Tal vez tengamos miedo a presentar la fe católica sin ambages, porque no es amable en el sentido superficial del término, porque nadie quiere escuchar la verdad. La fe no es una dormidera para la conciencia, no es un barniz espiritual, una pose que se suma a una vida ya satisfecha. El núcleo de la fe es el hecho de que Dios ha entrado en la historia sin protección. Este acontecimiento nos desinstala a la fuerza, nos obliga a salir de nosotros mismos. En esto consiste la Navidad y también la cruz, la vida entera de Cristo.
La Navidad es una escena incómoda. Dios aparece como un niño desnudo, dependiente, expuesto al frío, al rechazo, a la pobreza, no es un símbolo. Solo hay carne frágil que nos obliga a sacudir nuestras categorías religiosas. Nuestro Dios no explica, solamente se ofrece, vive con nosotros. No se trata de un Dios que resuelve desde arriba, sino un Dios que ha asumido hasta el fondo nuestra fragilidad.
Pero, entonces ¿qué ha pasado con nuestra predicación? ¿por qué perdemos el tiempo hablando de lo contingente? Estructuras, modas pastorales, adaptación del lenguaje… han ocupado el lugar de lo esencial. Es una idolatría de lo que nosotros podemos hacer por Dios, pero no de lo que Dios hace con nosotros. Ofrecemos una fe compatible con todo que más que convertirnos nos ajusta para encajar. Pero si la fe no hiere el orgullo, no confronta el pecado, no nos invita a vivir en plenitud, se ha transformado en un sucedáneo piadoso.

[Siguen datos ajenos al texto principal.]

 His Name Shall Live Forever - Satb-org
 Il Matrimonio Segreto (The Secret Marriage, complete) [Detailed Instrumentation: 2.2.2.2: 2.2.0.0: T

La Navidad y la cruz no son episodios decorativos del calendario litúrgico; son el criterio. Ahí Dios se muestra sin maquillaje. No como idea consoladora, sino como verdad desnuda. Quizá el problema no sea que la fe resulte dura, sino que hemos dejado de anunciarla tal como es. Una fe que no necesita adornos y cuya fuerza está en el contenido. Volver a Cristo, esa es la tarea que no hará la fe más popular, pero sí más fiel. Y, al final, más verdadera.